Task material
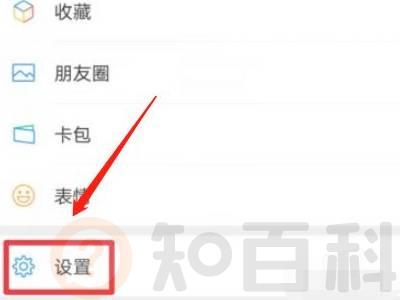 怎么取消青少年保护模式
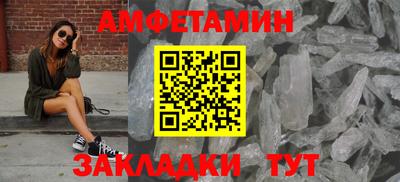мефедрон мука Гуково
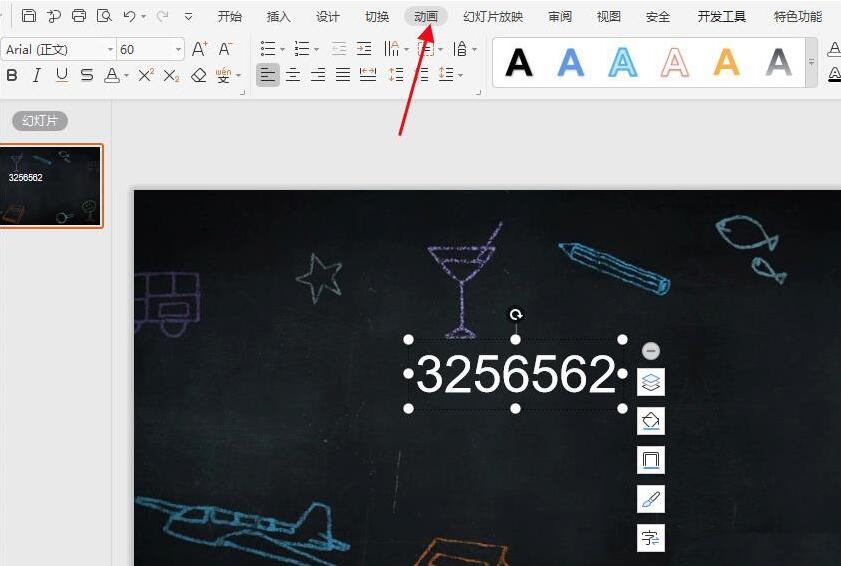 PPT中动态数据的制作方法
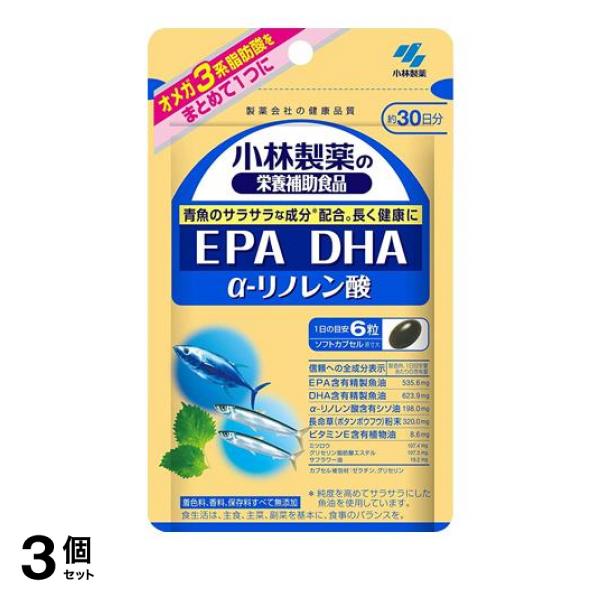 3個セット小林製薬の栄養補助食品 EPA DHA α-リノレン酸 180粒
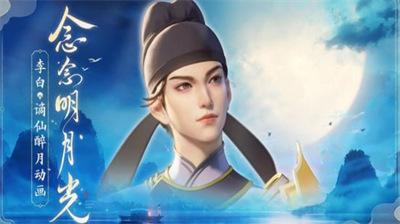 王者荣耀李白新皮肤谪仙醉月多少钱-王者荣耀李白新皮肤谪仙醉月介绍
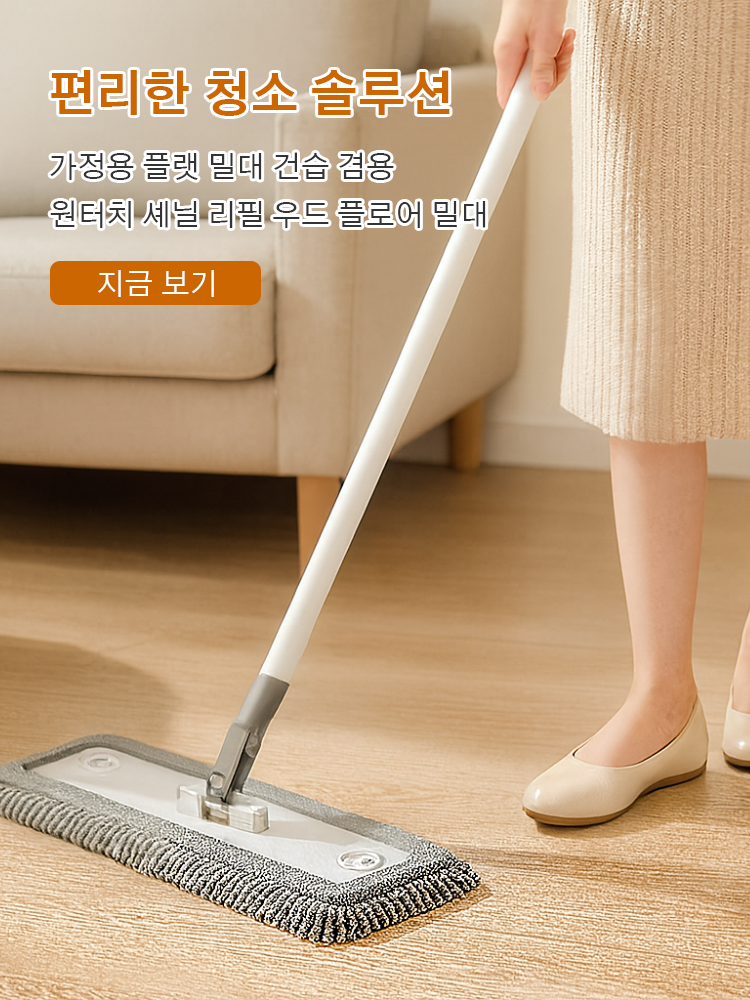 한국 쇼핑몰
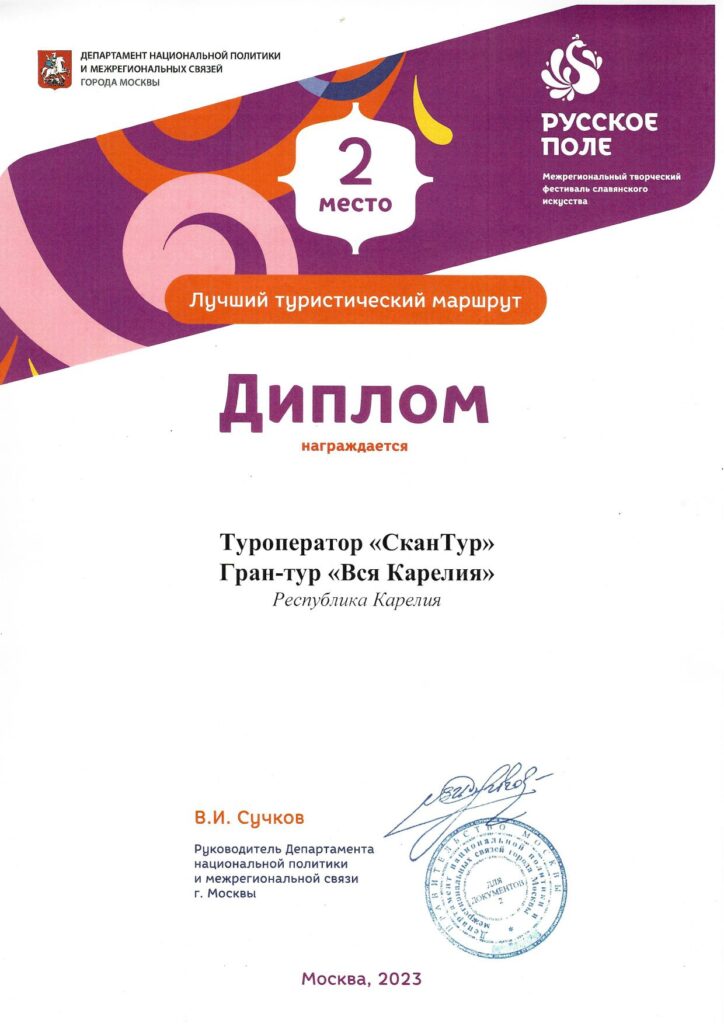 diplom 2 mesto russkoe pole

To do
The lines to repeat run from the line containing "PPT中动态数据的制作方法" through the end of the listing above, both included; give them exactly and without pictures.

Your response
 PPT中动态数据的制作方法
 3個セット小林製薬の栄養補助食品 EPA DHA α-リノレン酸 180粒
 王者荣耀李白新皮肤谪仙醉月多少钱-王者荣耀李白新皮肤谪仙醉月介绍
 한국 쇼핑몰
 diplom 2 mesto russkoe pole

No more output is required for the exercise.